== Raw data

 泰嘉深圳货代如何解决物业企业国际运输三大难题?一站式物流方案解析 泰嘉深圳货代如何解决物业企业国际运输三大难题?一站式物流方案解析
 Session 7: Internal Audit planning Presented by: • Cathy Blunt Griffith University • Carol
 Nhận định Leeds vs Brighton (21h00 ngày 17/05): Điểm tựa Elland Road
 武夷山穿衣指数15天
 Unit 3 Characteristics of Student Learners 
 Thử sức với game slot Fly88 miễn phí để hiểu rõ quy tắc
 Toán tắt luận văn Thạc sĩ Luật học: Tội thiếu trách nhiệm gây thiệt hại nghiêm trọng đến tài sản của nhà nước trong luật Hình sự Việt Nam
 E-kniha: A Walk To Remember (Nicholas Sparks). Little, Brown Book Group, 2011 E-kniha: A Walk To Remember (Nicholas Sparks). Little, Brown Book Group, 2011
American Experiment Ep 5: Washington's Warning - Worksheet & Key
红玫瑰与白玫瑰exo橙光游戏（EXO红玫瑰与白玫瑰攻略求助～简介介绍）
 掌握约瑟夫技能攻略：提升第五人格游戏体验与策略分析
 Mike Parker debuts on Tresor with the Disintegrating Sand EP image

====

Goal of the exercise » Your answer must be the line containing "American Experiment Ep" through the last line above, copied exactly, with nothing added.

Solution to the problem »
American Experiment Ep 5: Washington's Warning - Worksheet & Key
红玫瑰与白玫瑰exo橙光游戏（EXO红玫瑰与白玫瑰攻略求助～简介介绍）
 掌握约瑟夫技能攻略：提升第五人格游戏体验与策略分析
 Mike Parker debuts on Tresor with the Disintegrating Sand EP image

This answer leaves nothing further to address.